Until the late 20th century, hoods didn’t have much of a profile at all. They were, by their very nature, always seen as more casual than a hat, and often hinted at some mystery and wrongdoing – the mistress in her long black cloak, sneaking in to see her lover.

Yet they started off with a marvellous pedigree. The “English hood” was worn by ladies at court in the early 1500s (hoods were actually around from the mid-1100s, but they didn’t really take off as fashionable headdress until later). Then, as with so many things, the French influenced us and the French hood became the head-topping de son jours.

One of King Henry VIII’s six wives, Jane Seymour, briefly brought the English version back into fashion during her short reign as queen, although the French style was much preferred – it was perkier and infinitely more chic.

Hoods got really fancy in the late 18th century, when women could cover, but not squash, their elaborate hairdos with a calash – a hood made of silk, ribbed through with whalebone, which could be concertinaed down when not in use.

And there, with brief outings on opera cloaks and whimsical designs by Givenchy, hoods lay until the late 1980s, when John Galliano showed hoods, as football kit, that could be used as everyday dress. Galliano’s “look” heralded the use of sportswear as everyday clothing.
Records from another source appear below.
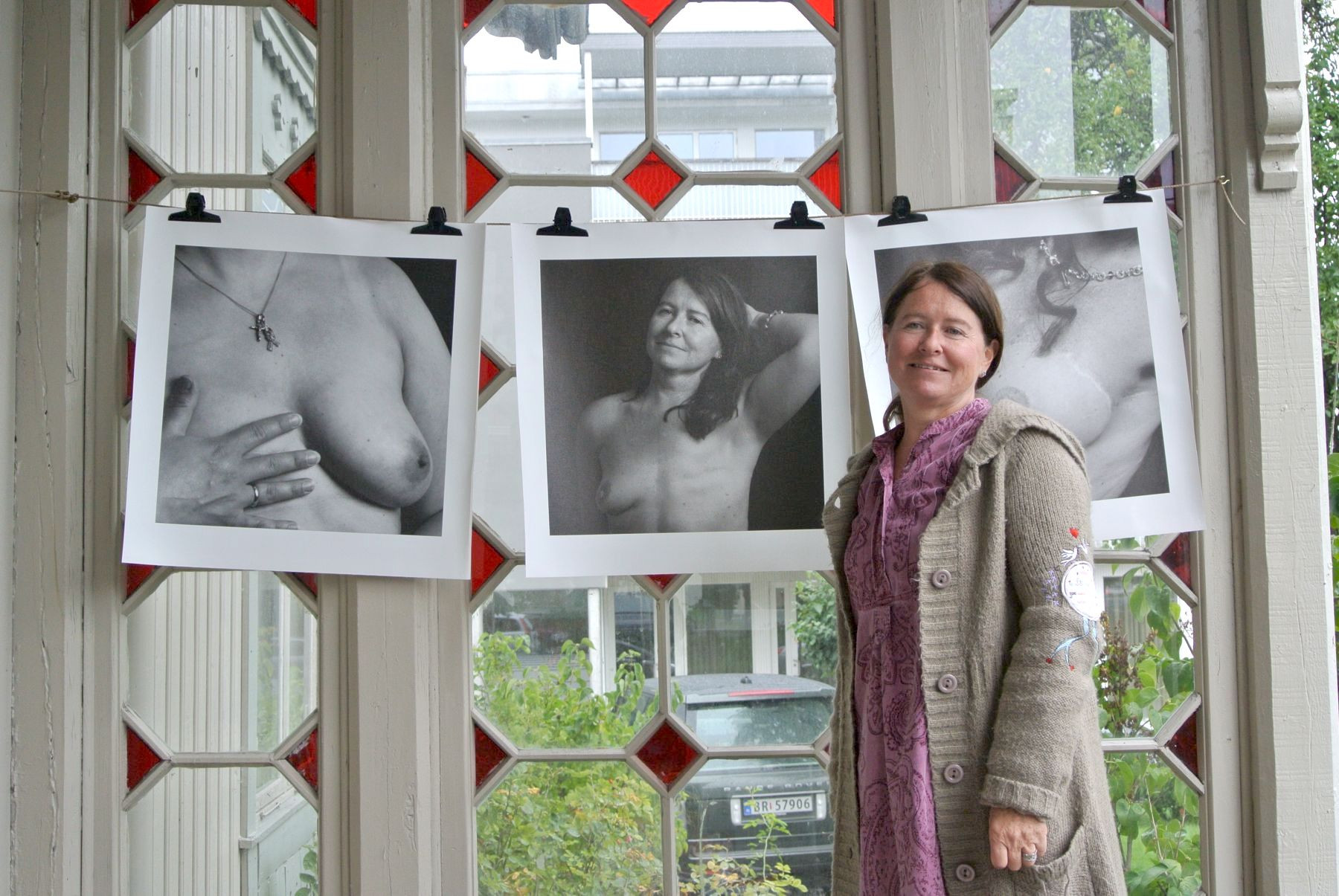 Turd Gyllenhammer photographed with her photos of her breast surgery after breast cancer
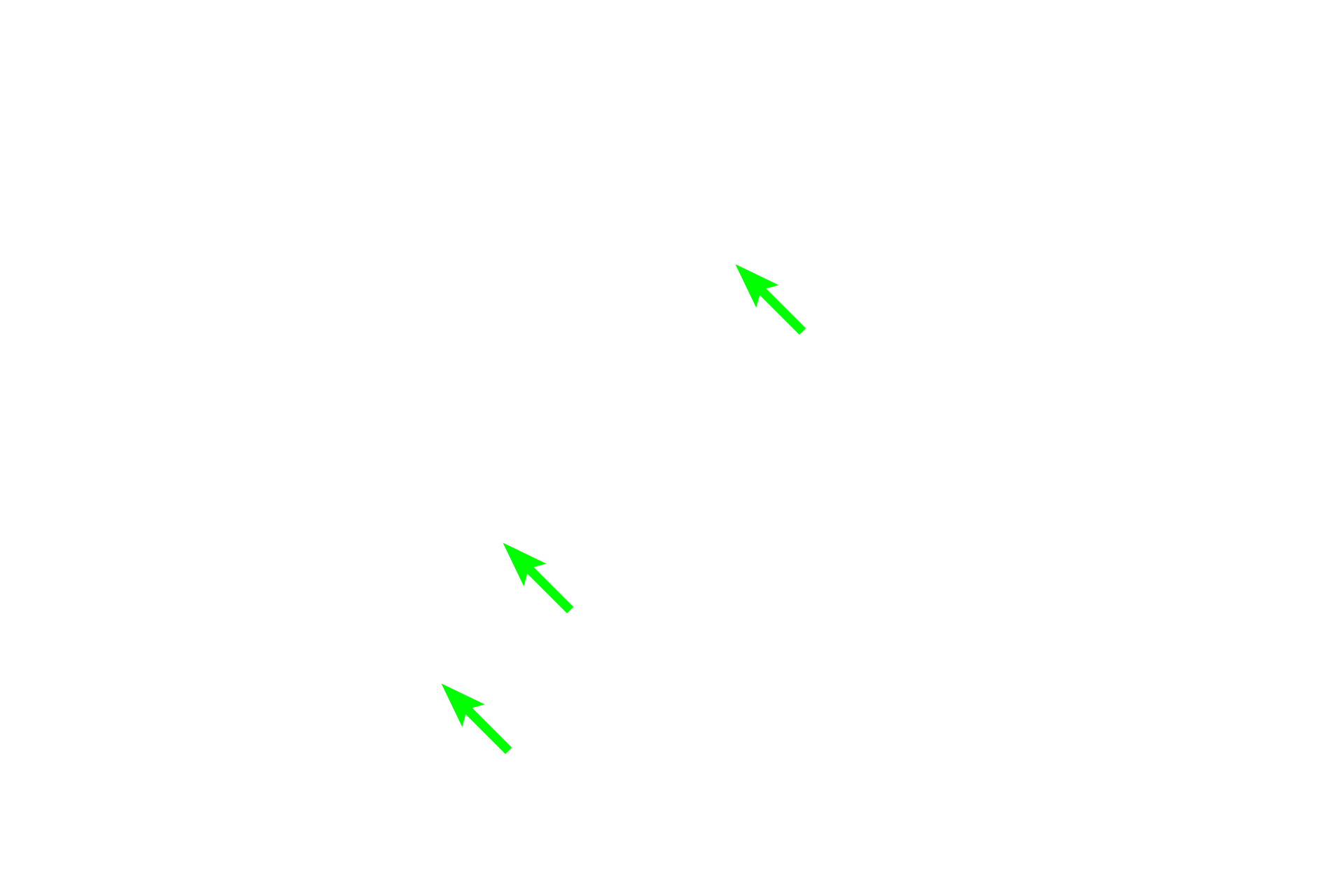  - Brush border <p>Proximal straight tubules have a tall cuboidal epithelium, regular arrangement of nuclei around the tubule and a brush border (obscured here by the luminal contents). Ascending thick tubules are lined by a lower cuboidal epithelium with irregularly spaced nuclei that frequently bulge into the lumen. Collecting tubules have columnar epithelia with conspicuous lateral cell boundaries</p>
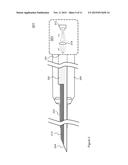 Solid Introducer Needle for Catheter diagram and image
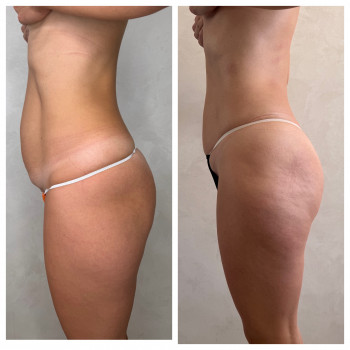 Lipokiller
                    Массажист Елена Одесса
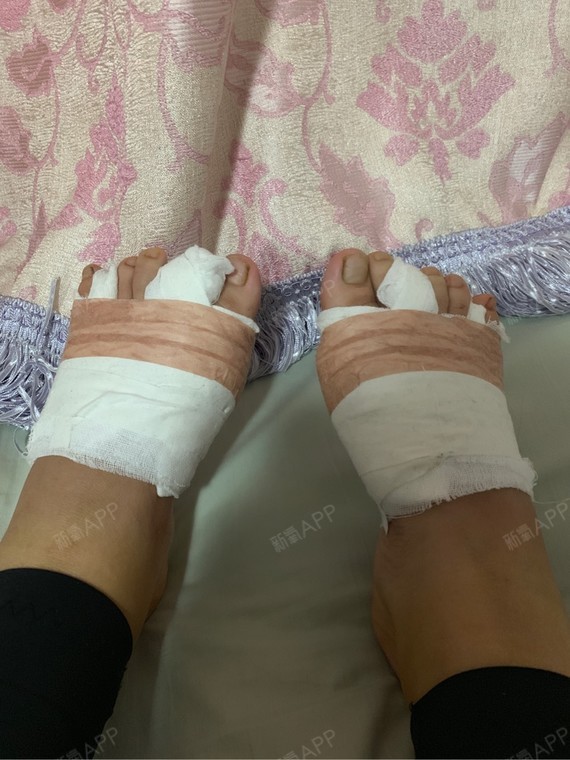 还是肿的很厉害,而且小脚趾那个纱布团太大了,一直顶_圈子-新氧美容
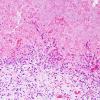 3B3 Pituitary adenoma, apoplexy (S14-37255) Interface rxn & dead tumor H&E.jpg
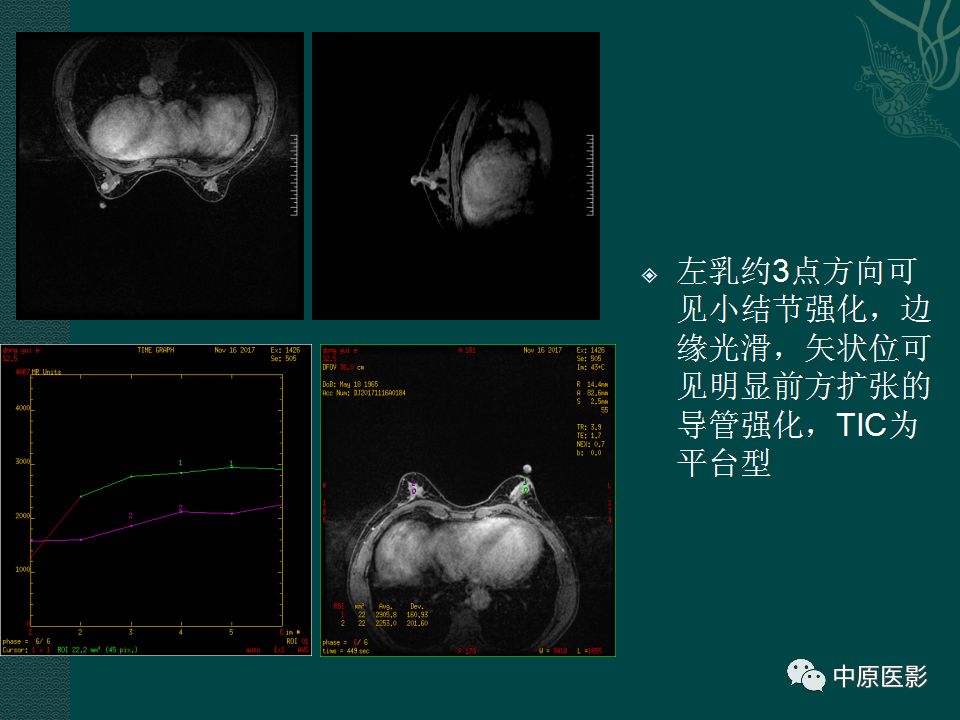 【PPT】乳腺导管内乳头状瘤MRI表现-24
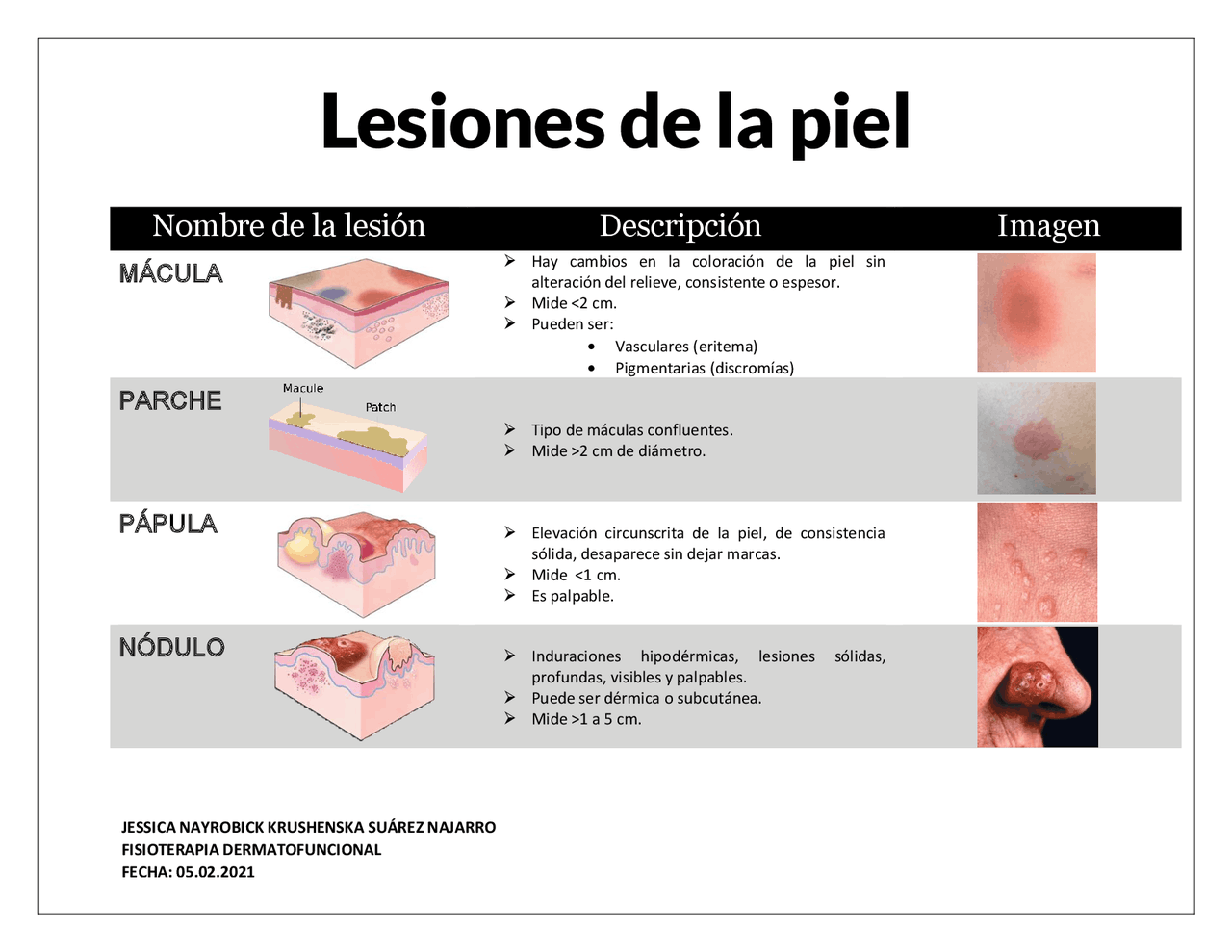 Lesiones en la piel, como tratarlo - Docsity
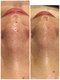ディア(DiA)の写真/《毛穴の黒ずみ・開き・しみ・シワ・たるみ改善に！》お肌のお悩みに合わせて施術内容をカスタマイズ♪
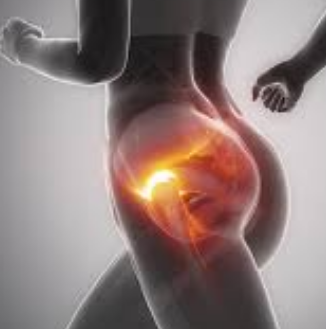 Treatment For Hip Bursitis and Causes Melbourne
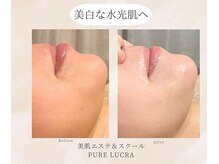 ピュアルクラ ＰＵＲＥ ＬＵＣＲＡの雰囲気（韓国肌管理とハーブピーリングでトーンアップ！韓国風水光肌へ）
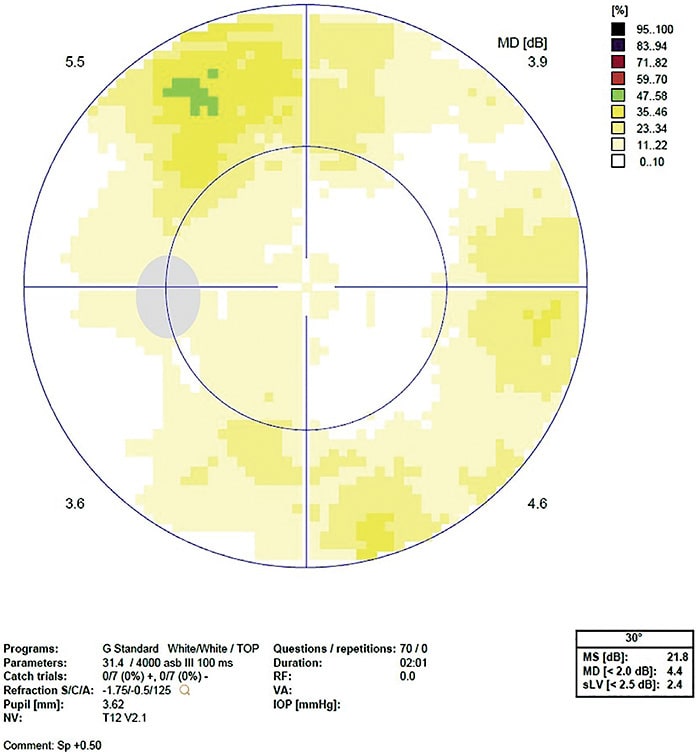 Note the superior and inferior arcuates OS in this glaucoma patient’s VF.
Image courtesy of Dr. Michael J. Cymbor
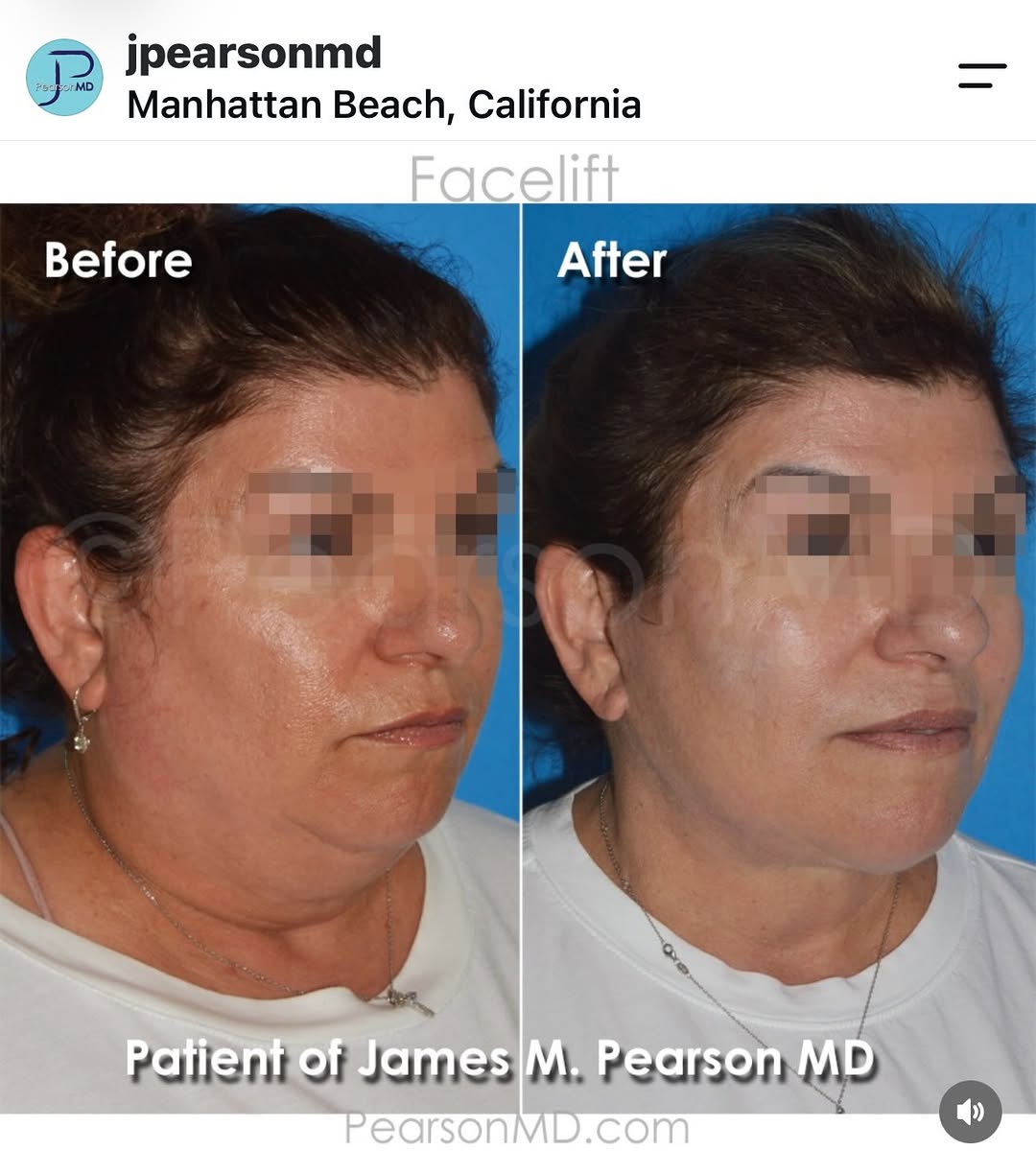Instagram post by Dr. James M. Pearson: I really debated whether to share this, because having a deep-plane facelift and neck lift is about so much more than the exterior result fo…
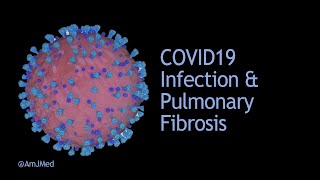 COVID19 Infection & Pulmonary Fibrosis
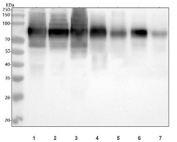 CD44 Antibody Multi-Species WB. Western blot analysis of CD44 / CD44 antigen expression using antibody. Lane 1: human U-87 MG cell lysate, Lane 2: human HeLa cell lysate, Lane 3: human PANC-1 cell lysate, Lane 4: rat spleen lysate, Lane 5: rat thymus lysate, Lane 6: mouse spleen lysate, Lane 7: mouse thymus lysate. A band is detected at approximately 80-95 kDa, consistent with the predicted molecular weight of CD44 (CD44 / CD44 antigen). CD44 is a glycosylated transmembrane protein, and the slightly diffuse band appearance reflects glycosylation-dependent variation in electrophoretic migration. The consistent detection across human, rat, and mouse samples supports CD44 expression in both epithelial and lymphoid tissues.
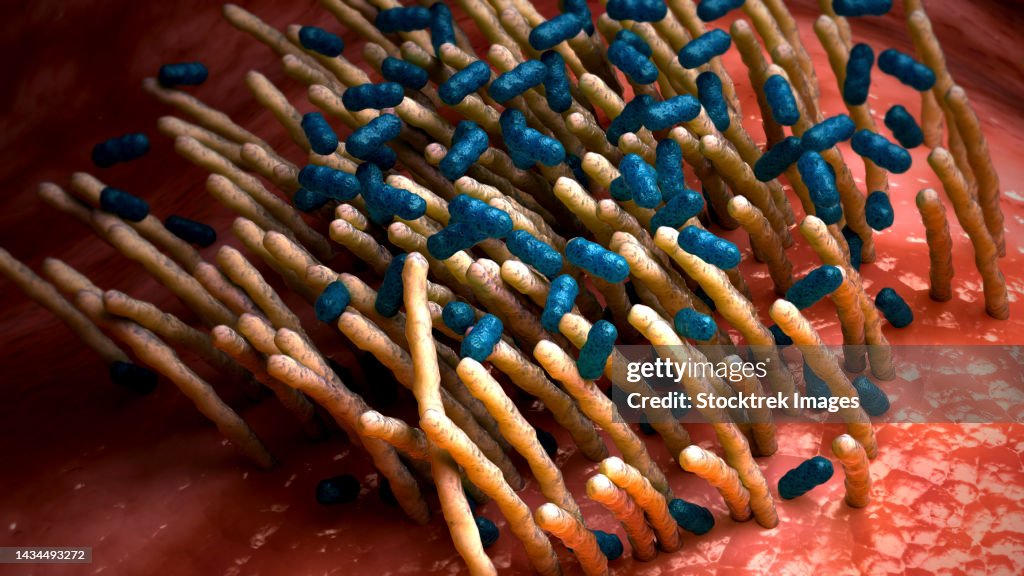 Conceptual biomedical illustration of the bacterial disease pertussis, also known as whooping cough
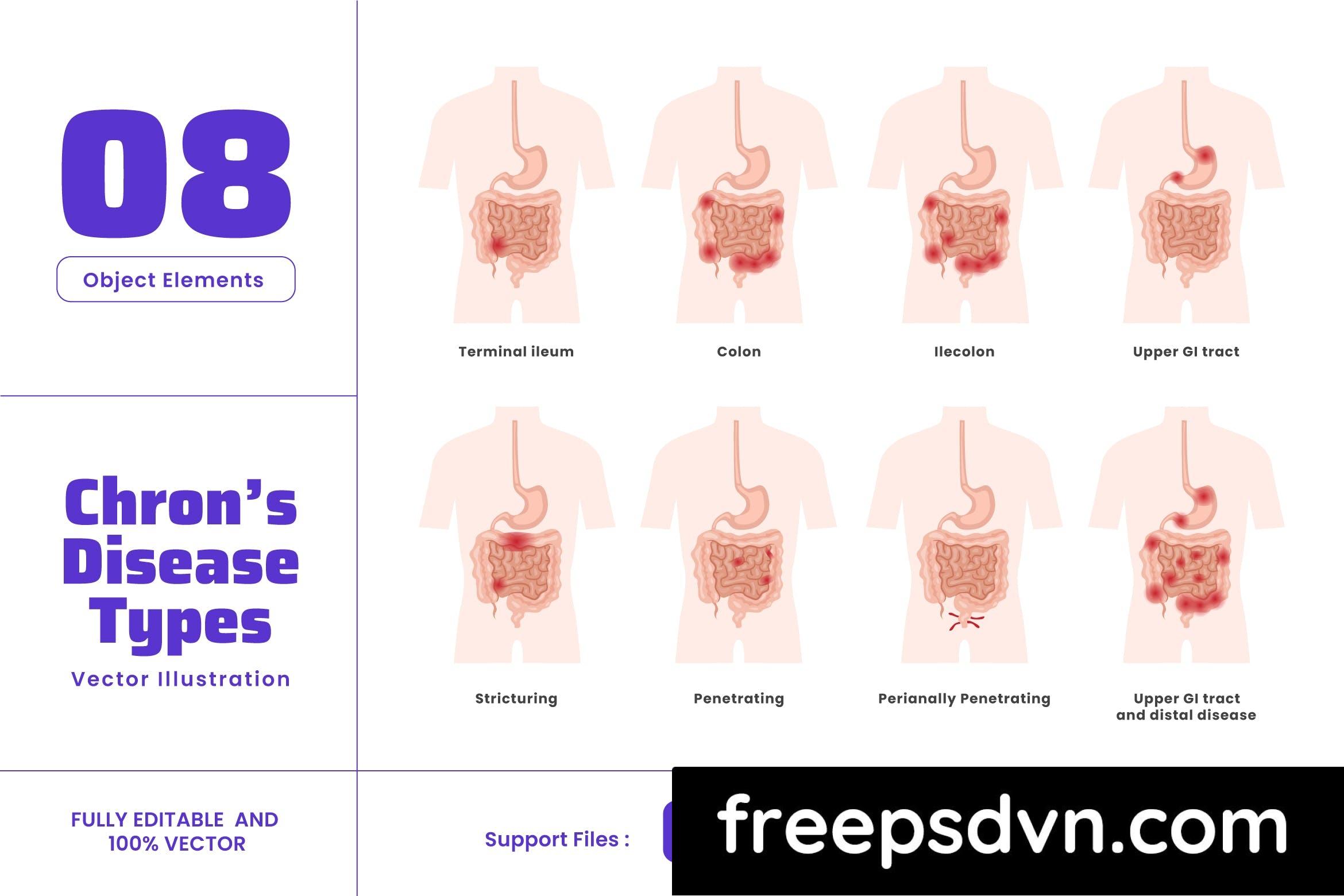 chrons disease human body organ treatment lgyl2fz 0 1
As recently as 1996, the New York Times was remarking on how designers were being influenced by sportswear and “hoods” were now less utilitarian, more fashion items.

In his forthcoming book, The Supermodern Wardrobe, Andrew Bolton says this of hoods: “Often, when individuals wear hooded garments they not only lose their identities but also their accountability for their actions. However, the loss of identity and accountability does not always result in acts inimical to the community. As Nathan Joseph, author of Uniforms and Nonuniforms: communication through clothing, observes, a masked individual can lose ‘components of his ego, not to indulge his id but rather to enlist his super-ego in the service of the community, to submerge his personal identity for the good of the group’. For instance, masked participants in riots and protests often act in the name of economic and social justice. In many demonstrations, hoods and masks are forbidden because they circumvent the usual processes of accountability and wrap the perpetrator in a cloak of anonymity.”

Anti-authority figures argue that hoods are a fightback against the ubiquitous use of surveillance cameras and their infringement of civil liberties. A hat, though, properly pulled down, can be just as disguising without also being threatening. But then, wearing hats takes a certain style and individuality. In other words, you have to be prepared to stand out. Exactly what the hood-wearer does not want to do.